Highlights & Insights¶
- Defining benchmark quality via "caption-solvability": Using the degradation in performance from captions as a hard validity test is a clever, transferable principle for benchmark design.
- Adopting human audiology paradigms (audiogram, JND): Using pure sine waves and difficulty scaling makes vague "perceptual ability" as quantifiable as a human hearing test.
- Pseudo-stereo cancellation experiment: A simple 20-sample experiment elegantly proved that "mono-averaging" is a fundamental bottleneck for spatial reasoning, leading to the dual native/channel-separated protocol.
Limitations & Future Work¶
- Ours focuses on evaluation and diagnosis, suggesting three directions (enhancing dense audio description, improving multi-audio reasoning, abandoning mono-averaging), but does not provide a specific training solution.
- Scale and Coverage: 2,353 questions is relatively small compared to the model's capability space. Potential data leakage from real-world audio sources (FSD50K/Clotho) remains a risk, though task formats are intentionally differentiated from traditional QA.

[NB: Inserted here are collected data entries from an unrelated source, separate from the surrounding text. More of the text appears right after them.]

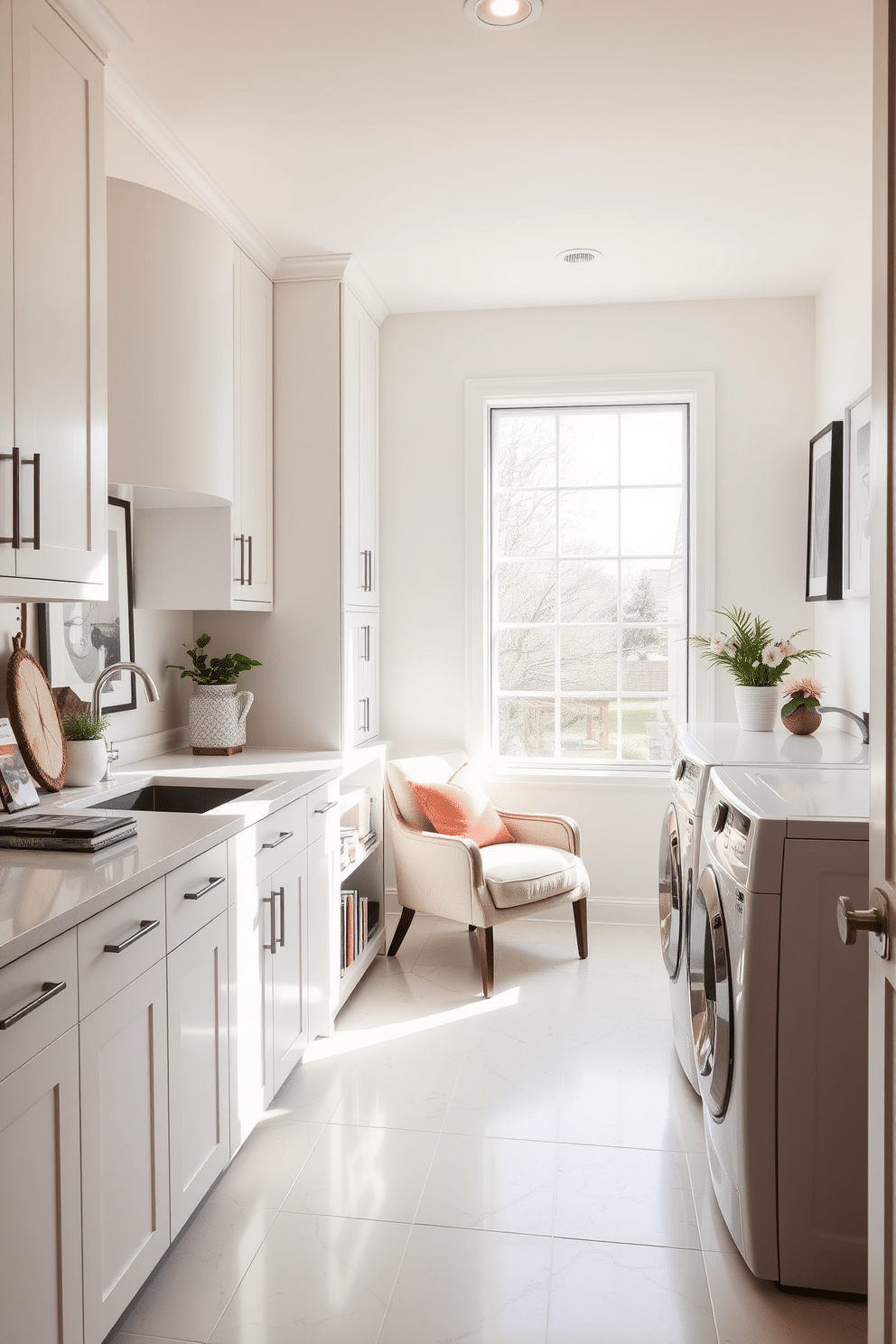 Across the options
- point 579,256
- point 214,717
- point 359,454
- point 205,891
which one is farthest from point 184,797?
point 579,256

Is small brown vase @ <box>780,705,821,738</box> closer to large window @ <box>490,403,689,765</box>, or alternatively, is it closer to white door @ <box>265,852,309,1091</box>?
large window @ <box>490,403,689,765</box>

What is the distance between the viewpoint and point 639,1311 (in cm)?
184

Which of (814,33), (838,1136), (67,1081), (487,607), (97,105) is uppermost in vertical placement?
(814,33)

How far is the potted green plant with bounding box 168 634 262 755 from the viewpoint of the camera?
3.25m

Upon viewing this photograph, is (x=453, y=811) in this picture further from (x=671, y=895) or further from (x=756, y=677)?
(x=756, y=677)

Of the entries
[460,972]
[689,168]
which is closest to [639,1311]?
[460,972]

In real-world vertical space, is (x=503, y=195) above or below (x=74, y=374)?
above

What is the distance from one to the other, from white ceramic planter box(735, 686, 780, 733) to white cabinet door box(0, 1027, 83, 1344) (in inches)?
99.8

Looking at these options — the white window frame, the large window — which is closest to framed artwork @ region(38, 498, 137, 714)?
the white window frame

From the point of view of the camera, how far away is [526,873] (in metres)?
3.47

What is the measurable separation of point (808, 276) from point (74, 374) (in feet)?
9.66

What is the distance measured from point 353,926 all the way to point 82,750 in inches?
49.7

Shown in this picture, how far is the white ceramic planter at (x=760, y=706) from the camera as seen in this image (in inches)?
132

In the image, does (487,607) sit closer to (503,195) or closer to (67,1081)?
(503,195) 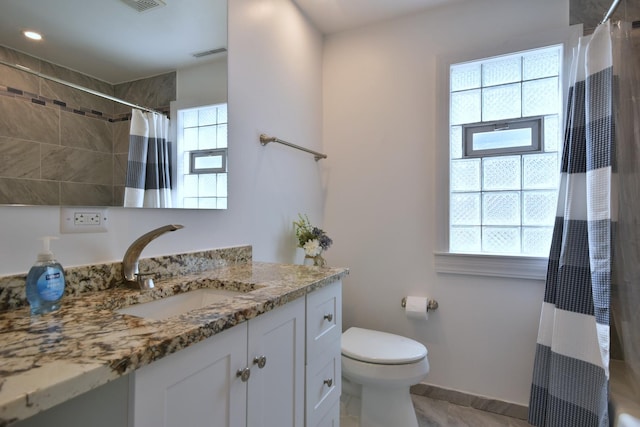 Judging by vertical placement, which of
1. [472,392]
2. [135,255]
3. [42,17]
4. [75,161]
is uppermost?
[42,17]

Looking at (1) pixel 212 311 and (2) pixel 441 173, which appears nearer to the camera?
(1) pixel 212 311

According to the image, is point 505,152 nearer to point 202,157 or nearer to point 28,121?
point 202,157

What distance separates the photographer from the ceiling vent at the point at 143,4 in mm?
1081

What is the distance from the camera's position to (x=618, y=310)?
139 centimetres

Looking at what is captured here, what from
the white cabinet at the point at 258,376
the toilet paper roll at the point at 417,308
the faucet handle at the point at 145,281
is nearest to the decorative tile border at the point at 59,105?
the faucet handle at the point at 145,281

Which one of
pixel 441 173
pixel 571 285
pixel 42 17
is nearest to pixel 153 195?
pixel 42 17

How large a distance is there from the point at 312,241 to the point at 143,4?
4.30ft

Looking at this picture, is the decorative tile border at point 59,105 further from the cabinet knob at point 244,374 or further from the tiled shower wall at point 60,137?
the cabinet knob at point 244,374

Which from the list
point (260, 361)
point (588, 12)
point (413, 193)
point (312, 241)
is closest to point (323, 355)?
point (260, 361)

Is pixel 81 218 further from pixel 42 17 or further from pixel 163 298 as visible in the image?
pixel 42 17

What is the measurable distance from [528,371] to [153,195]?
6.90 ft

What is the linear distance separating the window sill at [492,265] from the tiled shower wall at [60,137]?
175 centimetres

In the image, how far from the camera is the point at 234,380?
78 cm

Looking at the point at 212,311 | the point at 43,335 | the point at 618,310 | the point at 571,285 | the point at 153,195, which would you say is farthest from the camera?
the point at 571,285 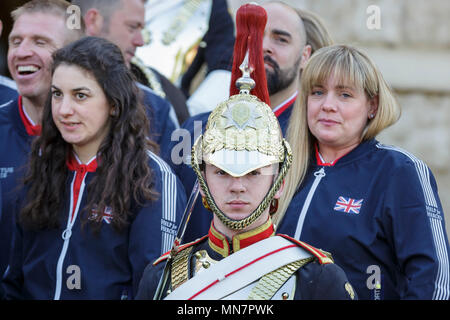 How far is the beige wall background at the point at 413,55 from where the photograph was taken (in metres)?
7.14

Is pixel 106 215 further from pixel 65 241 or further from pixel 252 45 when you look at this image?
pixel 252 45

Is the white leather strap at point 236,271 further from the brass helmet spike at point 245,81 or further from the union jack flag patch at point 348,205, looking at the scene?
the union jack flag patch at point 348,205

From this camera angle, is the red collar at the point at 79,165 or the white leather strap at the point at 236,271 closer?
the white leather strap at the point at 236,271

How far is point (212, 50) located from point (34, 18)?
6.03 ft

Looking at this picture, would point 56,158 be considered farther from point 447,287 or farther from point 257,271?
point 447,287

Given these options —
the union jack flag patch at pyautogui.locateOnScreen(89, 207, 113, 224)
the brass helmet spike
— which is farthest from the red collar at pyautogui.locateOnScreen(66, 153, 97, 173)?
the brass helmet spike

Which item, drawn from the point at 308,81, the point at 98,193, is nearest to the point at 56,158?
the point at 98,193

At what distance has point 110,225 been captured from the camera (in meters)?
4.20

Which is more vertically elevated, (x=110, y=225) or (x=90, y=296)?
(x=110, y=225)

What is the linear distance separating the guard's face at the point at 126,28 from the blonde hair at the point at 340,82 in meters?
1.58

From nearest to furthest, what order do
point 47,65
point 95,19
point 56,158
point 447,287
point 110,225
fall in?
point 447,287
point 110,225
point 56,158
point 47,65
point 95,19

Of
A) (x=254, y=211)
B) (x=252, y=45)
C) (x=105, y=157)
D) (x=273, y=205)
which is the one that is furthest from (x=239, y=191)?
(x=105, y=157)

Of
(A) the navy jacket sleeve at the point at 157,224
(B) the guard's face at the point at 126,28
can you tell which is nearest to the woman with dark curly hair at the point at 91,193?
(A) the navy jacket sleeve at the point at 157,224

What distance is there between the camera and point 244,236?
3477 millimetres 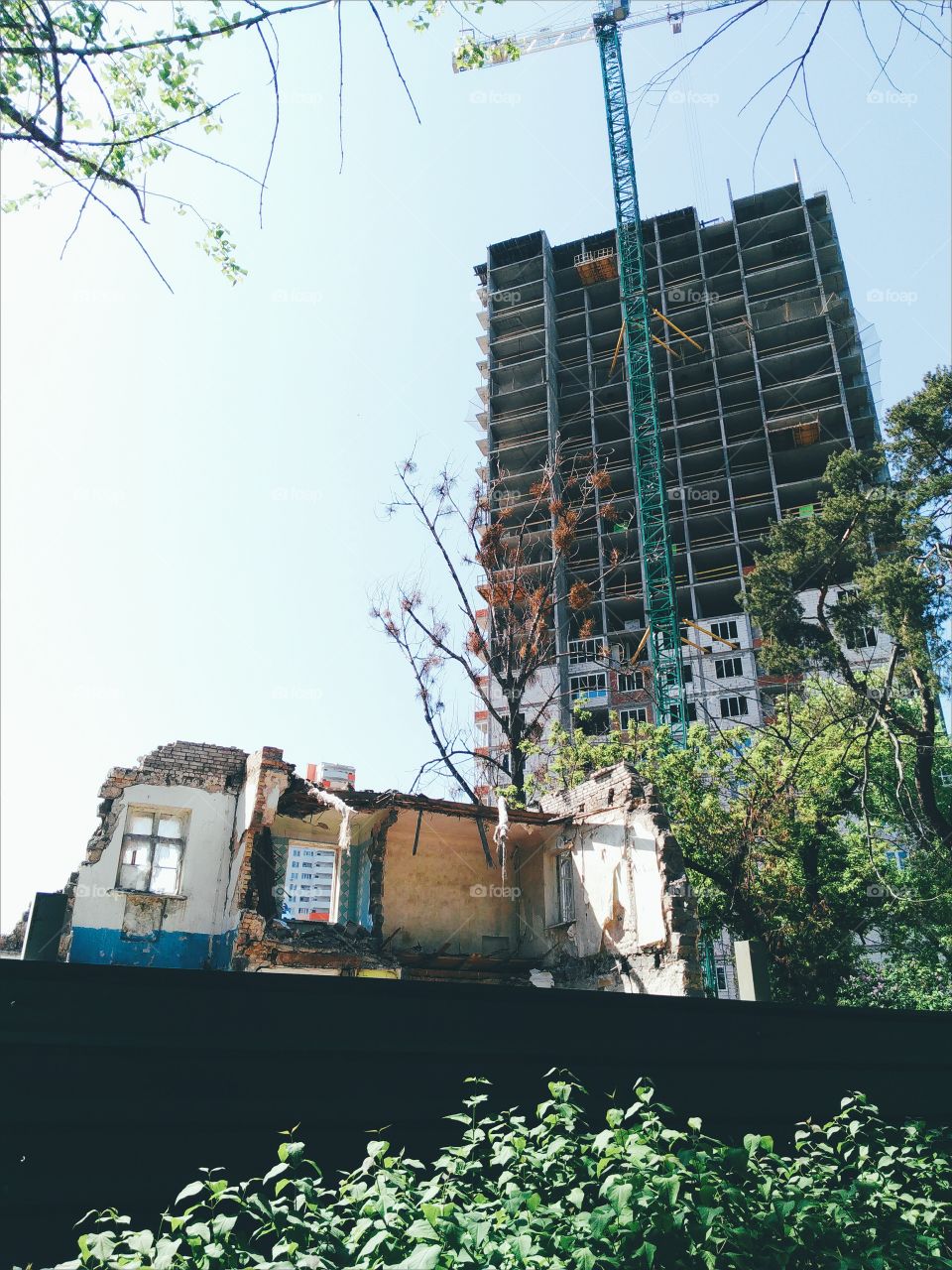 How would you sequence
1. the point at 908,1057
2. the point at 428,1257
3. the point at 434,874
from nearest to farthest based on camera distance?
the point at 428,1257
the point at 908,1057
the point at 434,874

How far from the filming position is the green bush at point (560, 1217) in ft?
7.91

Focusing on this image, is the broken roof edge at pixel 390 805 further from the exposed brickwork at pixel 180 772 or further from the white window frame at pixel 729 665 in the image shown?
the white window frame at pixel 729 665

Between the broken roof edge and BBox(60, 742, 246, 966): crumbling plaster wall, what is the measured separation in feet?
5.60

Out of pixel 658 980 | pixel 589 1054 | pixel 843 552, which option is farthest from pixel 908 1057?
pixel 843 552

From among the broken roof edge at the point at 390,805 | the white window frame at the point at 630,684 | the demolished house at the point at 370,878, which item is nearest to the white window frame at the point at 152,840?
the demolished house at the point at 370,878

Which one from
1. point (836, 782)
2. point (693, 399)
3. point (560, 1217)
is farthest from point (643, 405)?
point (560, 1217)

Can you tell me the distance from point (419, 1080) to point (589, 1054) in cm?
85

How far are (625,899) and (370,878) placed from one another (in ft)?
16.8

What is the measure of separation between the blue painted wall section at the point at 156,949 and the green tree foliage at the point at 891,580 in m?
12.3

- Evaluation Format: The reliance on multiple-choice questions with string matching may underestimate or overestimate the true quality of open-ended generative reasoning.
Related Work & Insights¶
- vs. MMAU / MMAR / MMAU-Pro: While these contain temporal/spatial questions, their temporal tasks stay at "when/who" levels, and spatial tasks rarely require stereo cues. STAR-Bench requires understanding cross-segment physical principles and causal dynamics, explicitly emphasizing stereo reasoning and providing quantitative attribute evaluation.
- vs. BAT (Spatial Audio Model): BAT can classify 100% in the pseudo-stereo experiment, showing native multi-channel processing is key. However, BAT scores near 0 on STAR-Bench holistic tasks, proving "stereo processing" is not equivalent to "4D reasoning."
Rating¶
- Novelty: ⭐⭐⭐⭐⭐ First to formalize "Audio 4D Intelligence" and strictly define evaluation scope via caption-drop experiments.
- Experimental Thoroughness: ⭐⭐⭐⭐⭐ 19 models evaluated with error attribution, ablation, and human baselines.
- Writing Quality: ⭐⭐⭐⭐ Clear structure and strong motivation; many task sub-categories require careful reference to tables.
- Value: ⭐⭐⭐⭐⭐ Reveals systemic shortcomings in fine-grained perception and spatial reasoning in current large audio models.